11.10.10

MAI 1927

1. Vin d’honneur offert par le Maire aux communistes, la place Carnot est pavoisée, une guirlande de petits triangles rouges entoure le terre plein, c’est du meilleur effet. Journée calme. Bridge chez Madame Houdaille. Cinq tables plus une de Banco. Marguerite et Félix dînent ici.

3. Nous allons à Tâches, Marcelle et moi, par une vraie journée de printemps, avec Barrat qui me quittera le 10. Je visite une coupe de bois afin de me rendre compte de ce qui est vendu et de ce qui reste à vendre. Il y a encore peu d’herbe.
Les Riberolles entassés dans leur auto nous quittent en passant par Moulins où ils doivent déjeuner chez les Clayeux encore en ville pour deux jours.
A quatre heures nous rentrons pour recevoir les Villeneuve qui sont invités à dîner chez les Houdaille, et à un bridge chez Andrieu, ils n’arrivent qu’à sept heures et demie, ayant eu un accident d’auto. Une camionnette descendant de la rue de l’Asile les tamponne en faisant son tournant direction de Guérigny, heureusement personne n’est blessé mais la Peugeot de Gaby a beaucoup de mal, au moins cinq mille francs de réparations, et s’il ne peut pas prouver qu’il est irresponsable, il faudra tout supporter.
Les Guillemain d’Echon nous font part des fiançailles de leur fille Anne-Marie avec Paul de Boursier de la Rivière. C’est un gentil mariage en perspective. Mais que le futur est donc jeune 29 ans ! la jeune fille en ayant 24.

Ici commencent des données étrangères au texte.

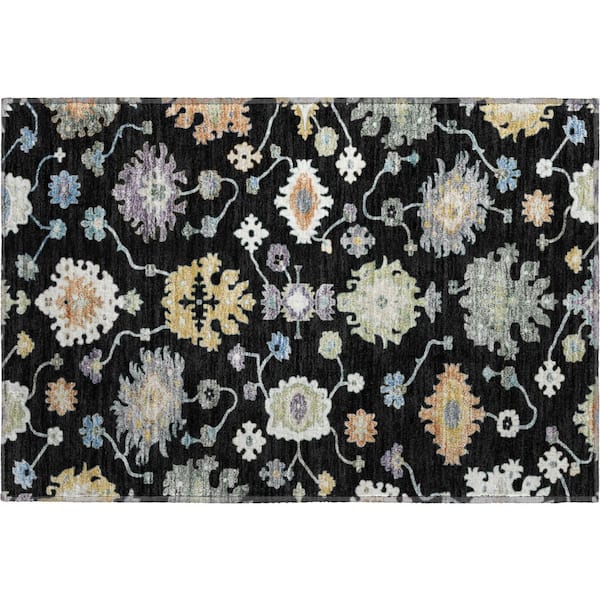 Mayfield Premium Machine Washable Abstract AMF2532 Black 2 ft. x 3 ft. Accent Rug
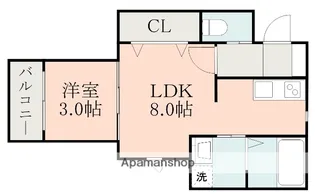パラシオン熊本駅前【1階】の間取り
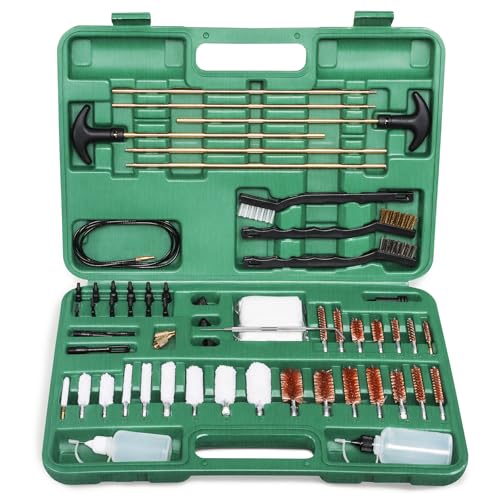 Gun Cleaning Kit, Handgun Shotgun Pistol Universal Cleaning Kit with All Brass High-end Brushes, Jags, Reinforced and Lengthened Rods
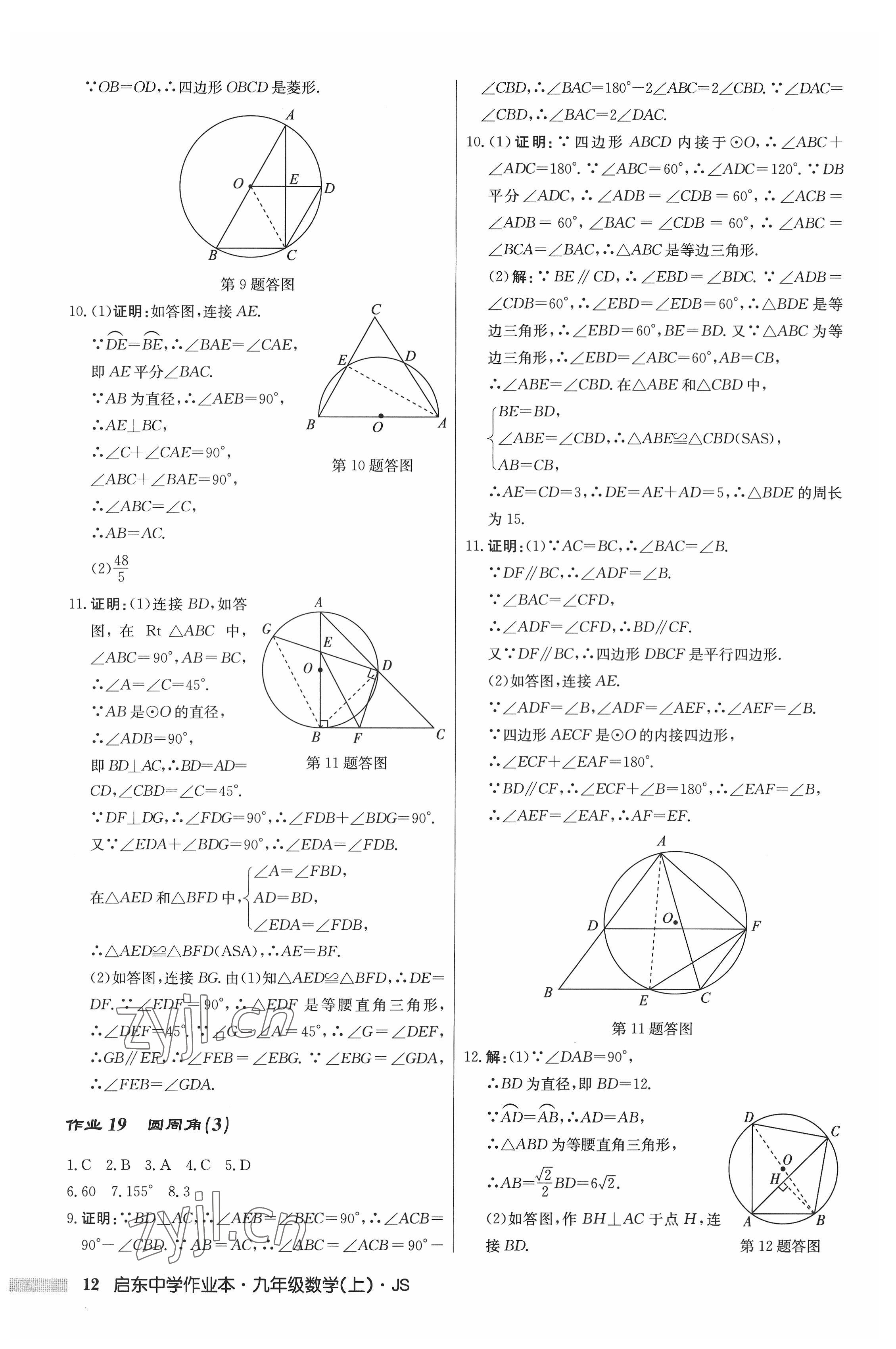 2022年啟東中學(xué)作業(yè)本九年級數(shù)學(xué)上冊江蘇版 參考答案第12頁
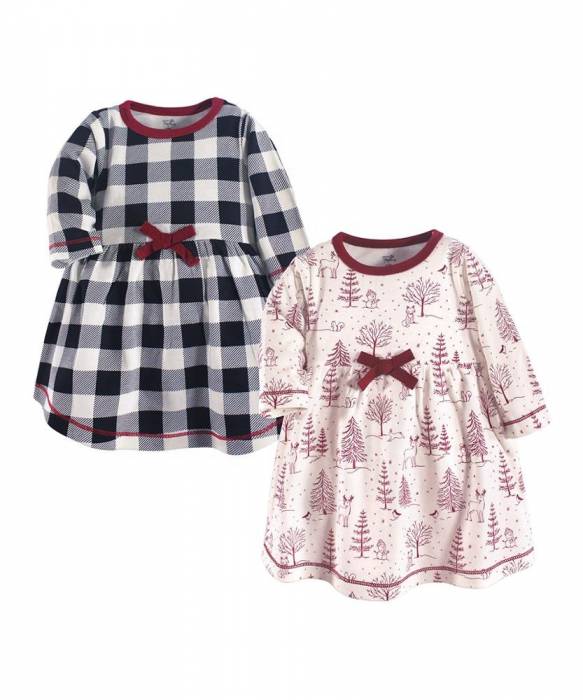 Cross Stripe And Printed Pine Tree Organic Cotton Girl Smock Dress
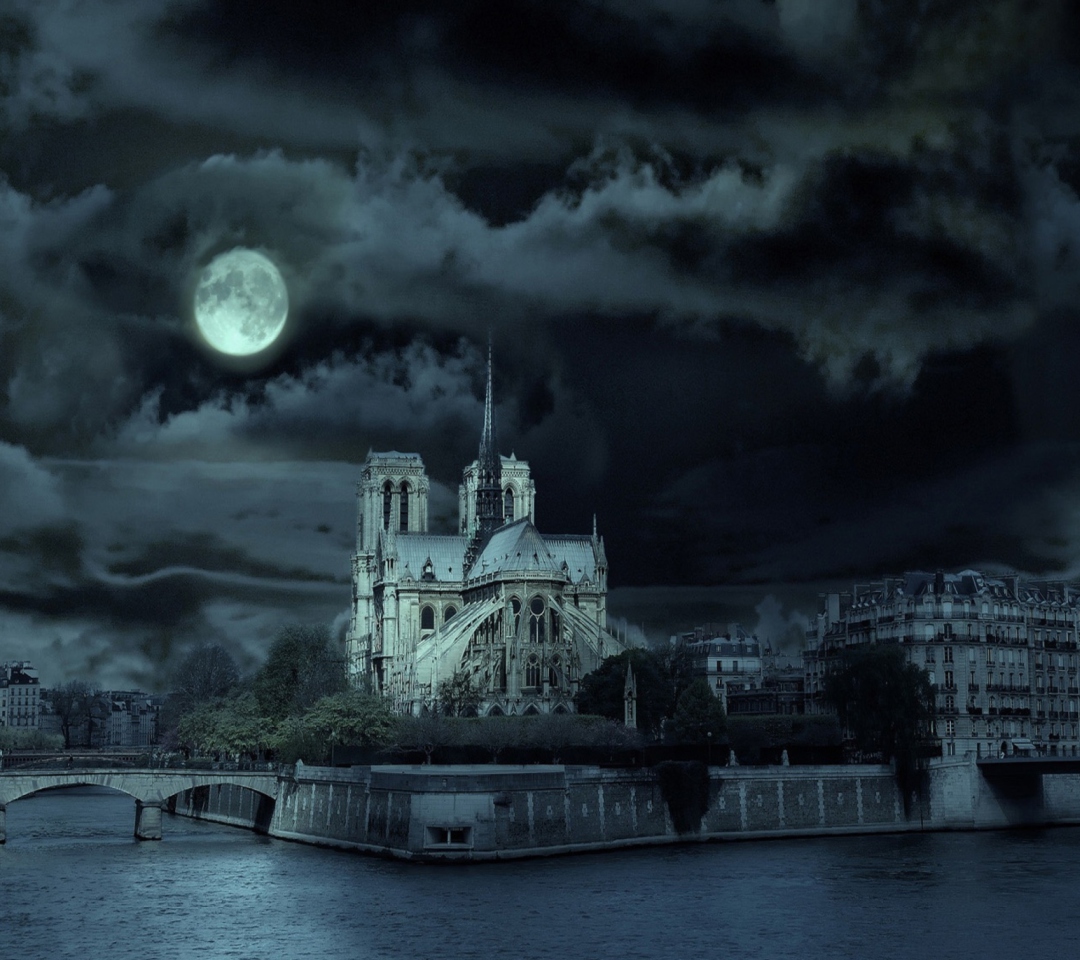 Обои Notre Dame De Paris At Night 1080x960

4. Les Comte offrent à la Haute société un Bridge-goûter que la Marquise de Veyrey honorait de sa présence, et comme dans l’évangile le jour de la multiplication des pains, il est resté des gâteaux de quoi nourrir vingt personnes.
Comme ma ponette continue à boiter sans espoir de guérison, je la vends à la boucherie pour huit cent cinquante francs, cela diminue le prix d’acquisition de mon âne.
Je paye à Cassart quelques petites réparations, il me compte l’heure de travail quatre francs et la fourniture à l’avenant ; ces gens là peuvent plus facilement manger des poulets que les propriétaires.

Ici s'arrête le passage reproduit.